Nel 2025 ricorre il 50° anniversario della Casa de Retiro Espiritual a Siviglia, uno dei progetti più iconici di Emilio Ambasz. Considerata una delle visioni architettoniche più celebrate al mondo, questa casa è, nelle parole dello stesso Ambasz,“non un edificio, ma un pensiero”. Un luogo in cui “il silenzio ha un’architettura e il paesaggio una voce”, capace di riportare l’idea di casa alla sua dimensione primordiale.
Progettata nel 1975, l’opera nasce dalla mente di un giovane architetto argentino, già allora figura di riferimento nel dibattito internazionale. Ambasz, laureato alla Princeton University in tempi record, tre anni prima aveva conquistato l’attenzione globale curando al MoMA di New York la storica mostra Italy: the new domestic landscape, che portò il design italiano sotto i riflettori internazionali.

Una visione radicale nell’architettura degli anni Settanta
Il progetto ha ottenuto sin da subito il prestigioso Progressive Architecture Award, riconoscimento che sancì la sua forza innovativa. Lontano dalle distopie di gruppi come Superstudio o Archizoom, Ambasz immagina una casa che cerca redenzione nella terra, fondendo monumentalità e intimità.
La Casa de Retiro Espiritual si configurerà immediatamente come manifesto e opera compiuta: enigmatica, simbolica, quasi iniziatica. Un progetto che molti hanno definito una “Stele di Rosetta” capace di decifrare la poetica di Ambasz e il suo approccio alla relazione tra architettura e territorio.

Un’estetica sospesa tra mito e paesaggio
L’esterno è dominato da due gigantesche pareti bianche che si incontrano ad angolo retto. La costruzione non ha una copertura: al suo posto, un belvedere sospeso si apre sui 600 ettari verdi della Sierra Morena .
Le pareti, aperte come un libro, sono percorse da scale gemelle che sembrano sfiorare il vuoto. Lungo il loro profilo serpentina scorre un corrimano-canale, che accompagna l’acqua dalla sorgente superiore fino al patio ipogeo. L’architettura scompare nella terra: gli ambienti principali si affacciano su un cortile protetto, illuminato da lucernari che modulano la luce naturale con effetti mutevoli.

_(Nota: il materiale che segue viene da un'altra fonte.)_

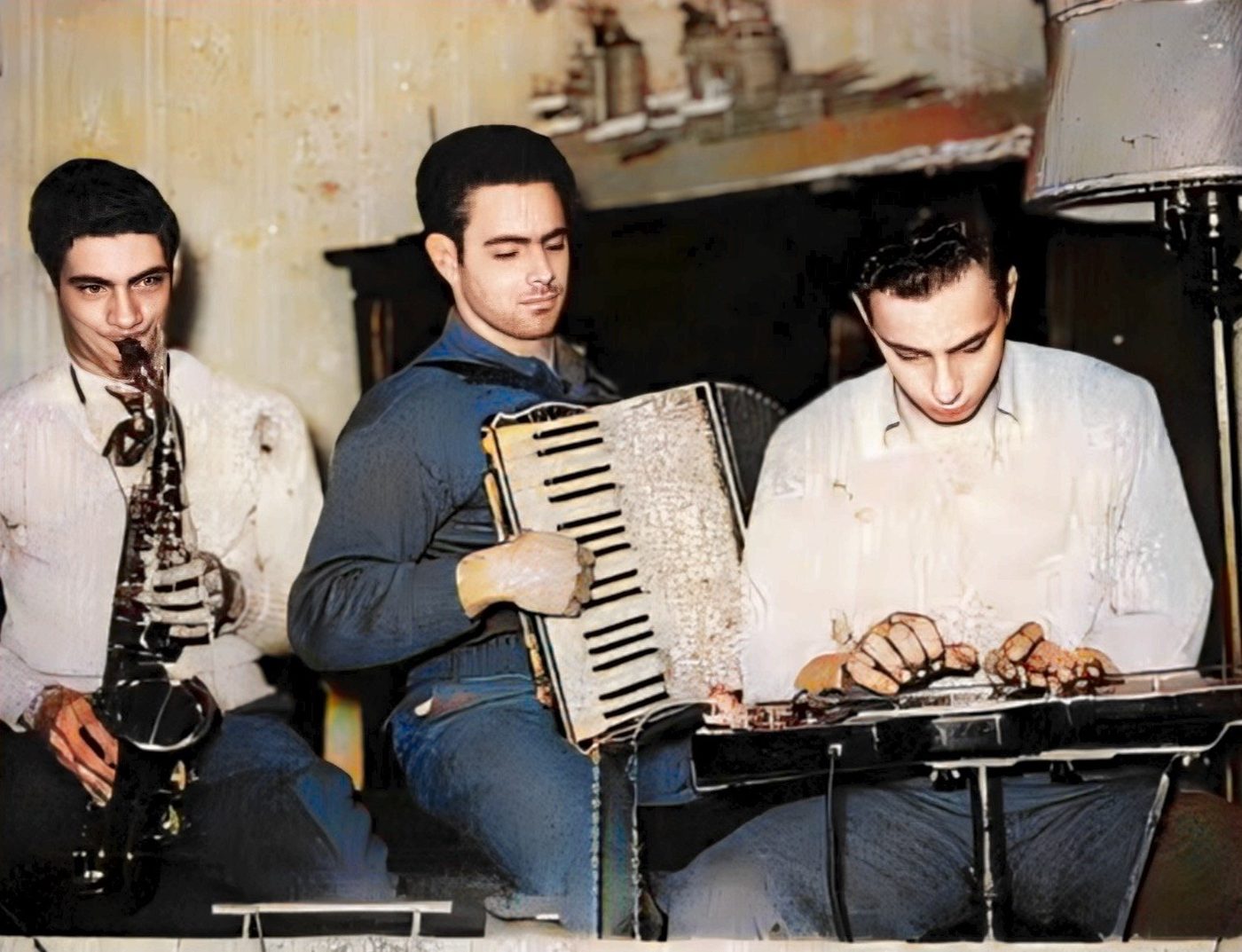 On accordion, with his brothers Tom and Bill. Colorized.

Una casa “con muri senza un dentro”, come molti critici hanno osservato, dove gli spazi sembrano oscillare tra presenza e assenza, materia e immaginazione.

Una pionieristica architettura della sostenibilità
Per Barry Bergdoll, Meyer Schapiro Professore di Storia dell’Arte e Archeologia alla Columbia University, la casa rappresenta una delle prime intuizioni sull’uso della vegetazione e della terra come strategia di isolamento. Una visione oggi considerata fondamentale nel discorso sulla sostenibilità, ma assolutamente in anticipo sui tempi.

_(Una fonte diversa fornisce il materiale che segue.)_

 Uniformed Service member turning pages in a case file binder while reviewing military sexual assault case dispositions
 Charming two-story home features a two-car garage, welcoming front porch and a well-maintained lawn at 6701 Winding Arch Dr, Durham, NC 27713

Ambasz stratifica l’edificio nel terreno attraverso incisioni e terrapieni che uniscono rigore tecnico e poesia del paesaggio: un modo di costruire che risponde al clima del sud della Spagna e allo stesso tempo alla volontà di creare un rifugio spirituale.

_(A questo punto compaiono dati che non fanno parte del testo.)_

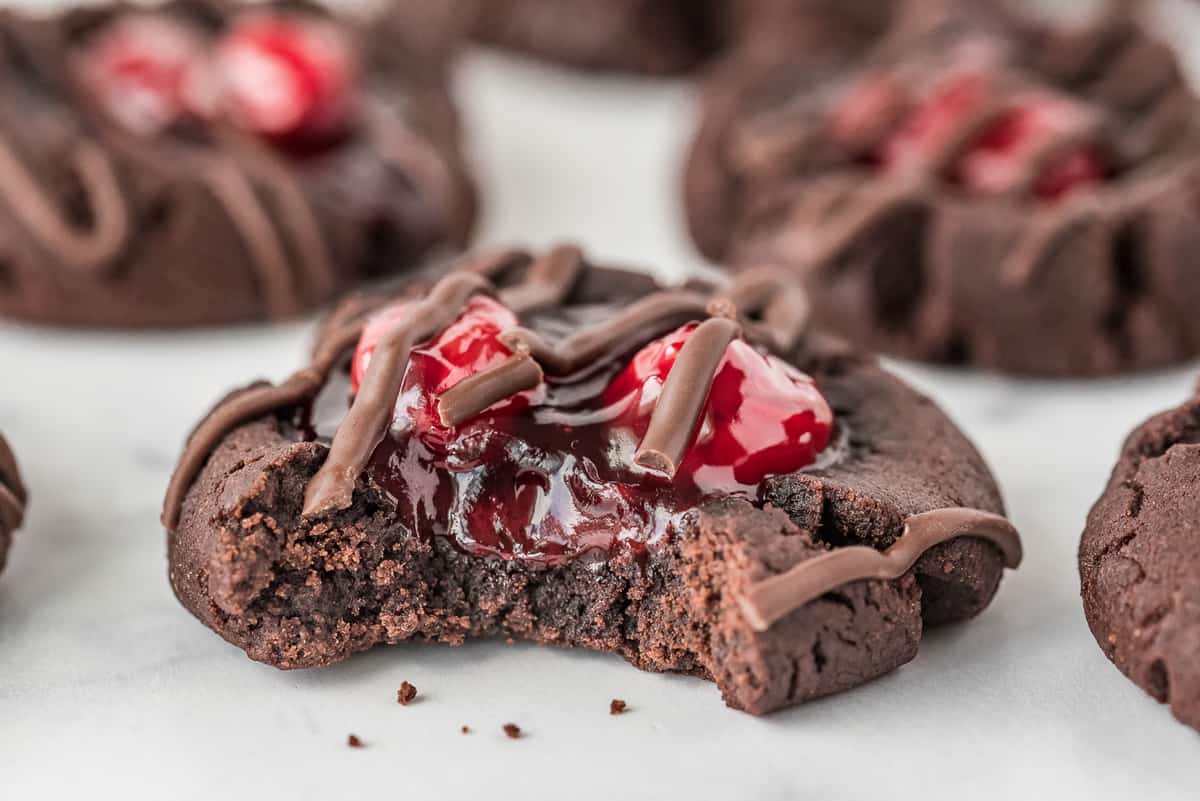 Chocolate Thumbprint cookie with a bite out of it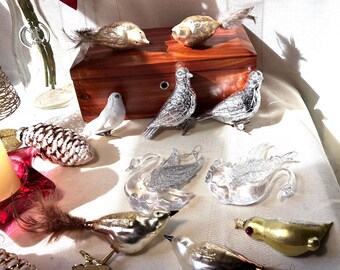 May include: A collection of glass bird and swan ornaments featuring metallic silver, gold, and clear finishes. Several birds have attached feathers and metal clips. Two pinecone-shaped ornaments are also present on a white fabric surface.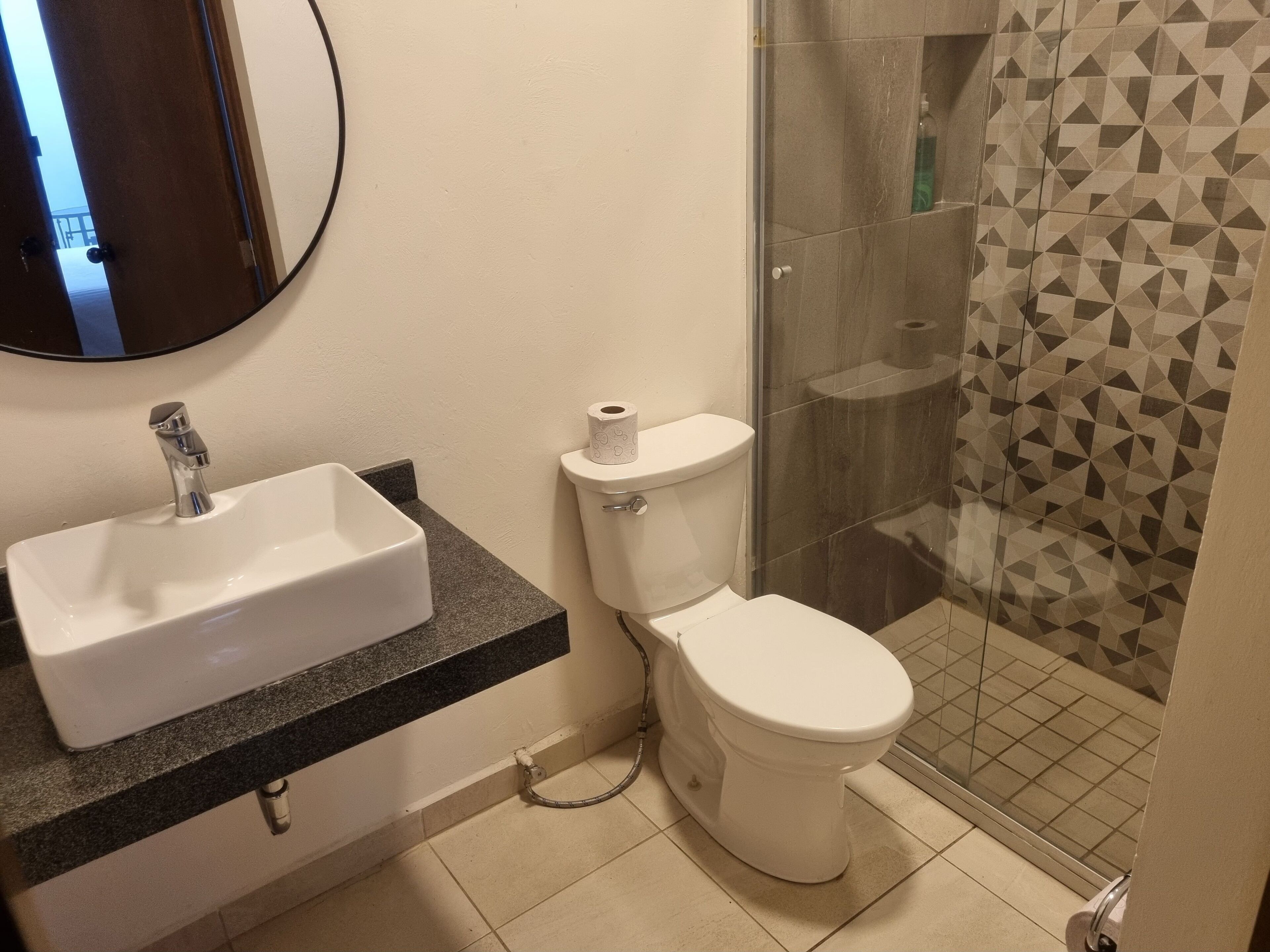 Et badeværelse med hvid vask, toilet og bruser.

Una casa-rito, oltre lo spazio e la funzione
La Casa de Retiro Espiritual lavora sui margini: tra costruito e natura, tra visibile e interiore, tra materia e mito. Un’opera che non si limita a definire uno spazio abitabile, ma propone l’architettura come rito, come forma capace di raccogliere emozioni e universalità.
Per Ambasz, ogni progetto è un insieme di rituali, una ricerca di una “dimora dell’anima”.
“Un architetto può essere il guardiano del deserto delle città create dall’uomo, o il mago che crea forme eterne ”, afferma. E aggiunge: “Se un’opera architettonica non tocca il cuore, è solo un altro edificio ”.